Problem description: Leave the images out and repeat the data exactly as given.

Given data:
Segment Open

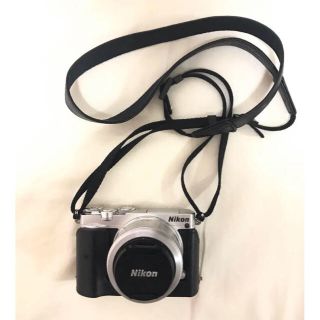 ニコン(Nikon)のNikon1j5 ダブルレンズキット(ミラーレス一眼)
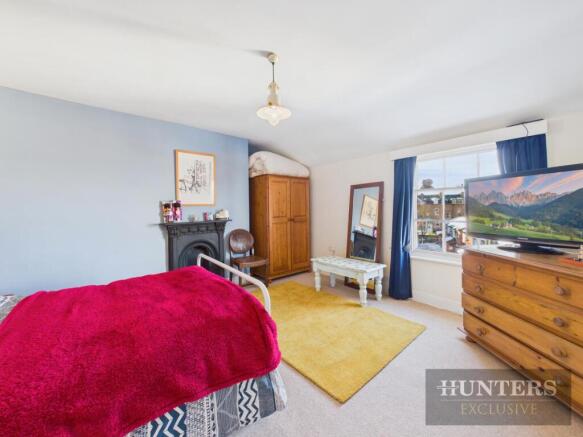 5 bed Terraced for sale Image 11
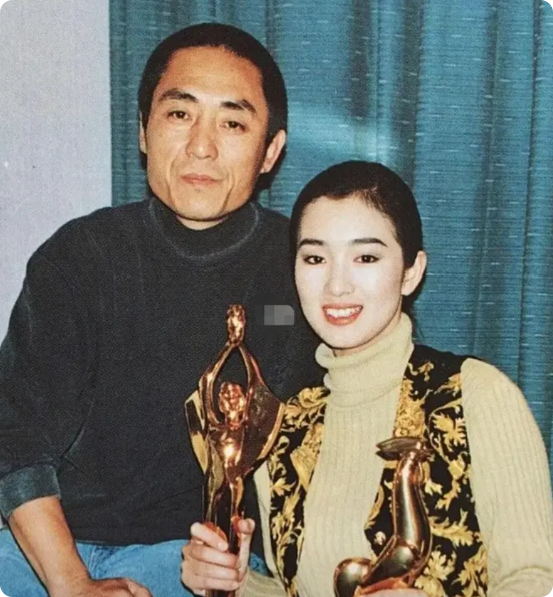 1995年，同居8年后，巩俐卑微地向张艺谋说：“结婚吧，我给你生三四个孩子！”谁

Segment Closed

Written reply:
 ニコン(Nikon)のNikon1j5 ダブルレンズキット(ミラーレス一眼)
 5 bed Terraced for sale Image 11
 1995年，同居8年后，巩俐卑微地向张艺谋说：“结婚吧，我给你生三四个孩子！”谁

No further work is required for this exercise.